Distance Functions and Generalized Means: Duality and Taxonomy

TL;DR

This paper explores the relationships between utility functions, distance functions, and efficiency measures in production economics, introducing a generalized mean distance function inspired by the Atkinson index and establishing duality theorems.

Contribution

It introduces a new generalized mean distance function and establishes duality theorems linking it to profit functions, broadening the understanding of efficiency measures.

Findings

Established duality theorems linking distance and profit functions.

Introduced a generalized mean distance function inspired by the Atkinson index.

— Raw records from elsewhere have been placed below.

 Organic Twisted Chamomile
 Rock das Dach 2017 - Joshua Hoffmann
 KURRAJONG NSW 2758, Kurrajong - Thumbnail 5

Identified classes of measures with duality results without convexity assumptions.

Abstract

This article demonstrates how a large number of efficiency measures known in the literature in production economics can be interpreted through the notion of utility function, based on the concept of Stone-Geary utility. Several relationships between these utility functions and distance functions, a commonly used tool in production theory, are established. To achieve these objectives, a generalized mean distance function is introduced, inspired by the Atkinson inequality index, itself derived from the notion of the Aczel mean. It measures the maximum sum of netput expansions required to reach an efficient point. Several duality theorems are established, linking the new distance functions to the profit function. For all feasible production vectors, the results include as special cases most of the dual correspondences previously established in the literature. Finally, a large class of measures is identified for which these duality results can be obtained without requiring convexity. A numerical example is provided.